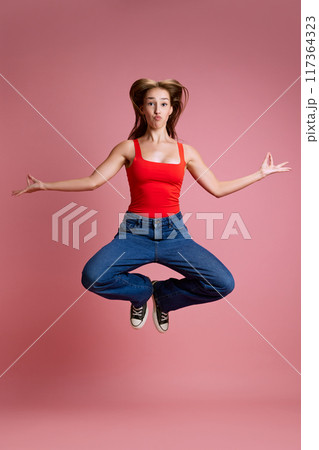 Full-length image of young beautiful girl in jeans and red top jumping in yoga pose against pink studio background. Meditation and energy Full-length image of young beautiful girl in jeans and red top jumping in yoga pose against pink studio background. Meditation and energy 117364323
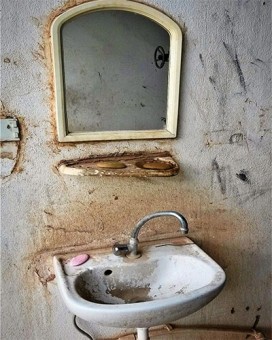 Washbasin and mirror with pink soap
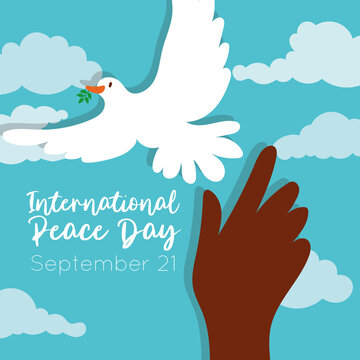 International Day of Peace lettering with dove and afro hand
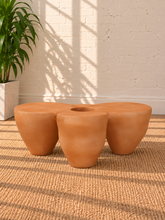 Load image into Gallery viewer, Aster sculptural coffee table in Amber fiber-reinforced concrete with four rounded pedestal forms and a distinctive central tabletop opening.
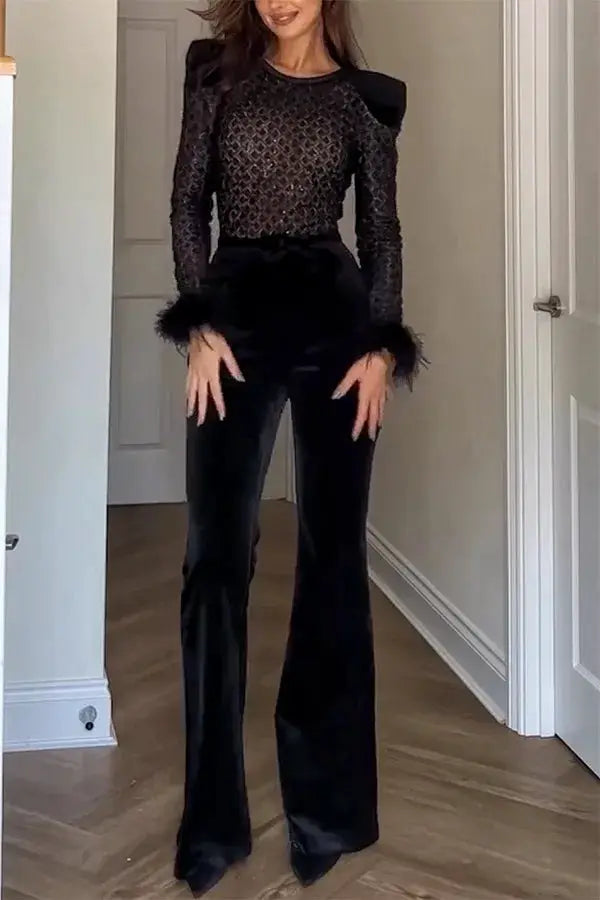 Black jumpsuit with sheer lace top and velvet pants; sleeves with feathered cuffs
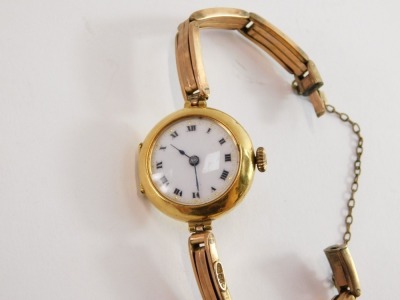 A 9ct gold cased wristwatch, with small circular wristwatch head, on white enamel back, with Roman numerals and blue hands, on a later rose gold bracelet, with safety chain, the watch head 2.5cm wide, 15.4g all in. - 2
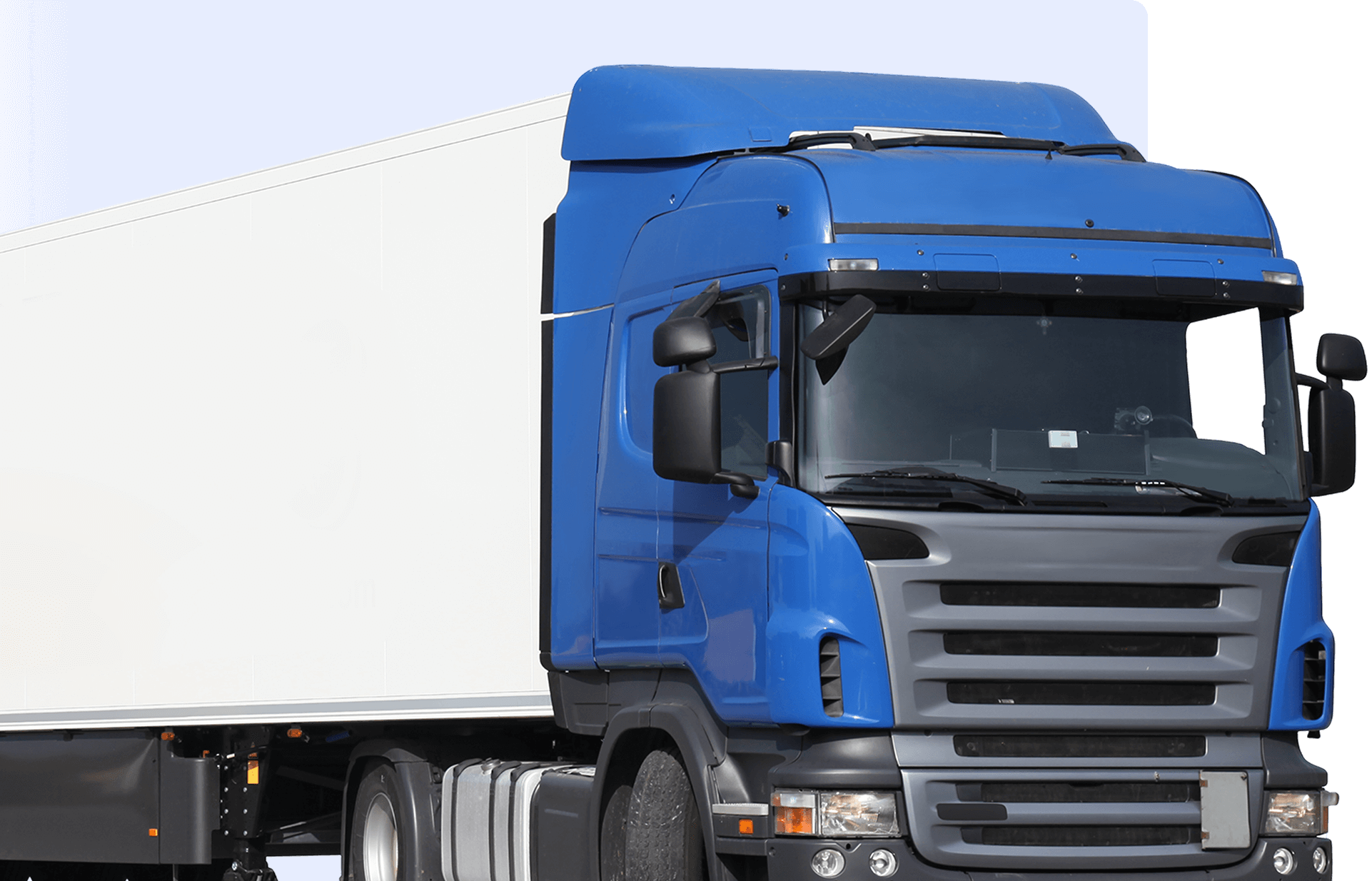 A blue and white semi-truck with a trailer, viewed from the front left angle, against a solid blue background.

---

Try it: Working from the records above, set down word for word everything from the line containing "Load image into" down to the line containing "Black jumpsuit with", ends included, minus the pictures.

Written reply:
 Load image into Gallery viewer, Aster sculptural coffee table in Amber fiber-reinforced concrete with four rounded pedestal forms and a distinctive central tabletop opening.
 Black jumpsuit with sheer lace top and velvet pants; sleeves with feathered cuffs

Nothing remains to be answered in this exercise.